ALETSCH GLACIER, Switzerland-Kids across the world expressed concerns about global warming by joining forces to create what organizers say is the world's biggest postcard on a glacier in the Swiss Alps.

Bearing messages of hope and commitment, more than 125,000 colorful and handwritten postcards from kids around the world have emblazoned a glacier in Switzerland to create one giant one, half the size of a football field.

It's a cry for help-from New Orleans to Hong Kong, from sub-Saharan Africa to India-ahead of an upcoming United Nations-backed climate conference in Poland next month.

The Swiss development and cooperation agency and partners unfurled on Friday a "compound postcard", on top of the threatened Aletsch glacier, the longest and deepest in the Alps and which is on track to melt to nonexistence by the end of this century if global warming trends continue.

Organizers say the individual postcards delivered up 3,400 meters near Switzerland's famed Jungfraujoch, aimed to set a Guinness World Record for the "postcard with the most contributions".

Guinness, though, said the attempt has not been registered. The current record is only 16,000.

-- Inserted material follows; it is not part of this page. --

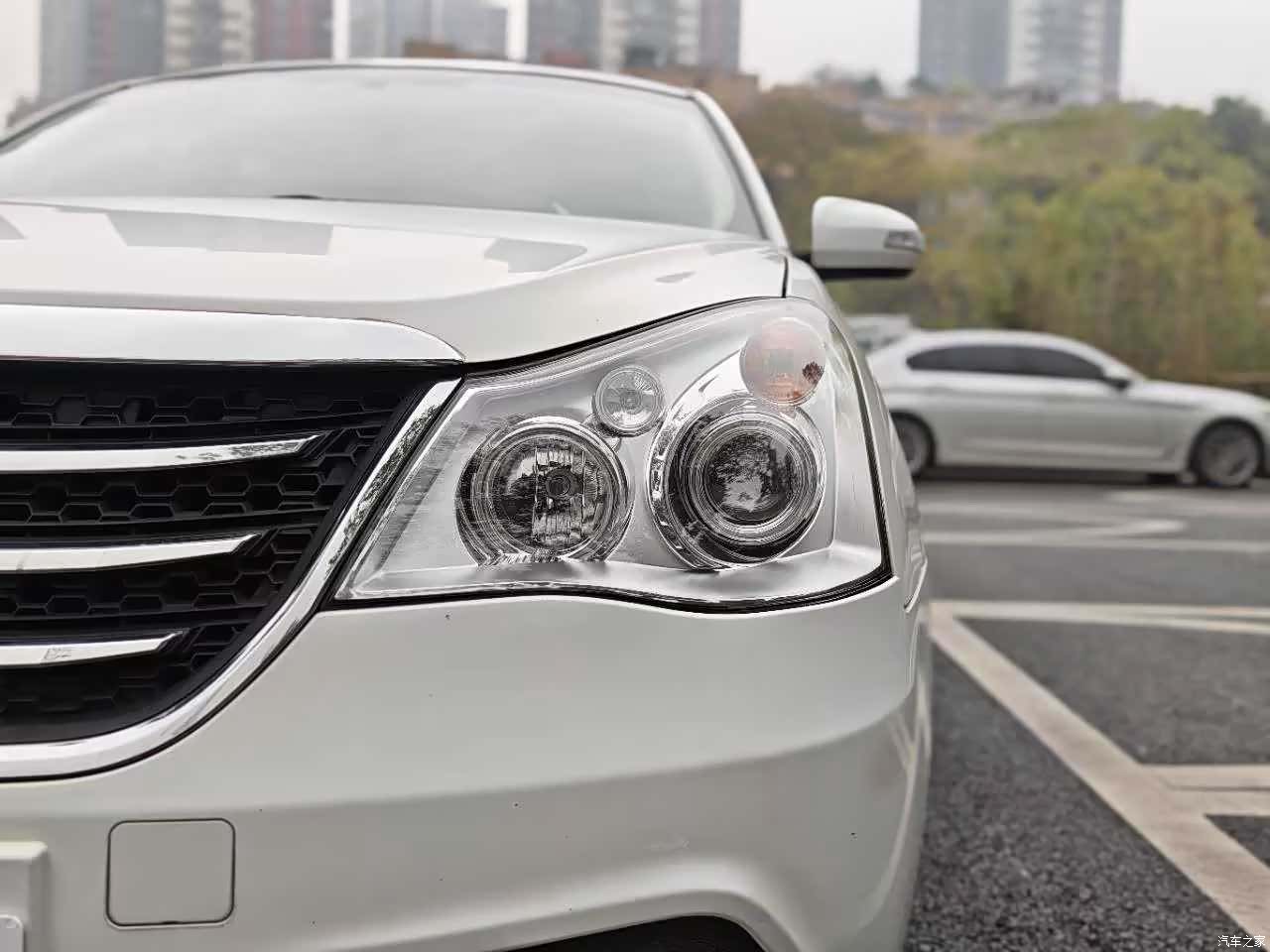 DongFeng A60, 2014 6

Pinned down with clamps and nets, and laminated in long glued-together strips to protect them from the ice and snow, the postcards bore messages of efforts to fight climate change and help the environment: limiting water use, promises to use public transportation, or recycling old goods before buying new ones among them.

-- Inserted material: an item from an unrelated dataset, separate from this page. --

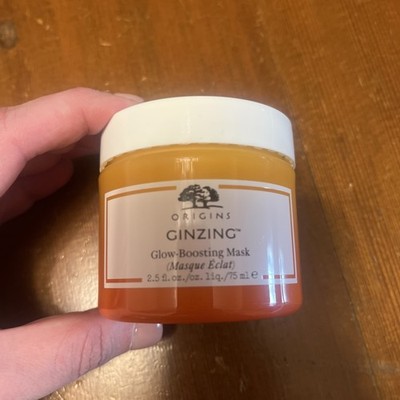 Origins GinZing Glow-Boosting Face Mask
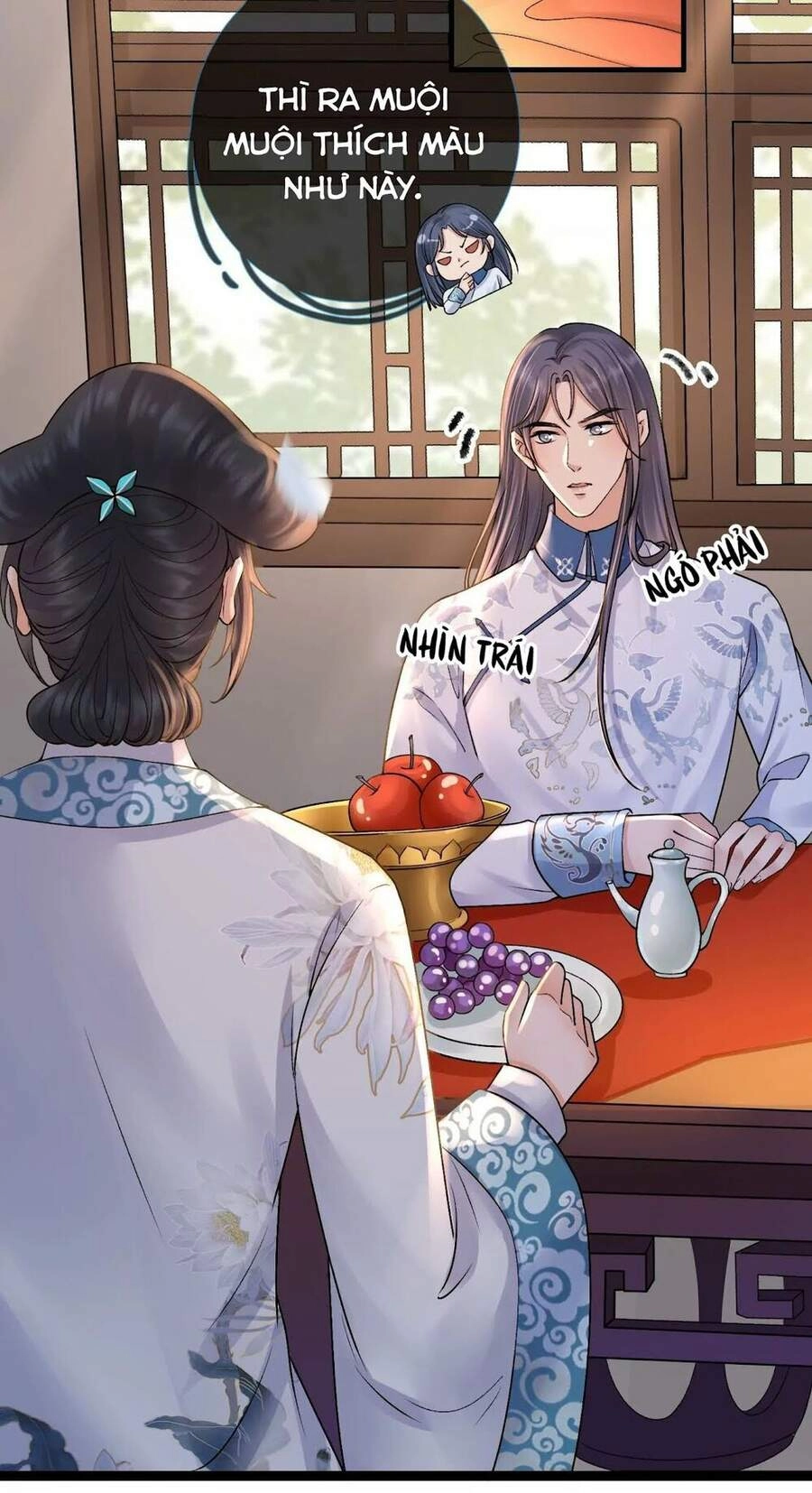 Thái Tử, Người Thật Ngọt Ngào Chapter 40 - 15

"They are asking us and their leaders to take action to preserve the planet Earth for them to have a future on it," said Oceane Dayer, founder of Swiss Youth for Climate.

Ever mindful of the impact, organizers are calculating the CO2 footprint caused by sending so many postcards-often through Swiss diplomatic posts-and preparing to double the offset, or compensation.

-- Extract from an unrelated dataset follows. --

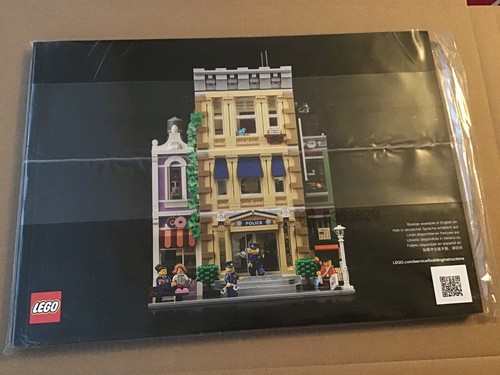 Lego instructions only for set - instructions,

Drones equipped with cameras buzzed overhead as bright sunshine bounced off the white mountainside.

Overhead, cards spelled out "Stop global warming" and"#1.5C"-an allusion to the goal of keeping global warming below 1.5 C.

Organizers want to launch a "Global Climate Change Youth Movement" to play into the UN Framework Convention on Climate Change in Katowice, Poland, known as COP24, next month.

And organizers plan to use a snapshot of the giant compound postcard to make, well, a postcard.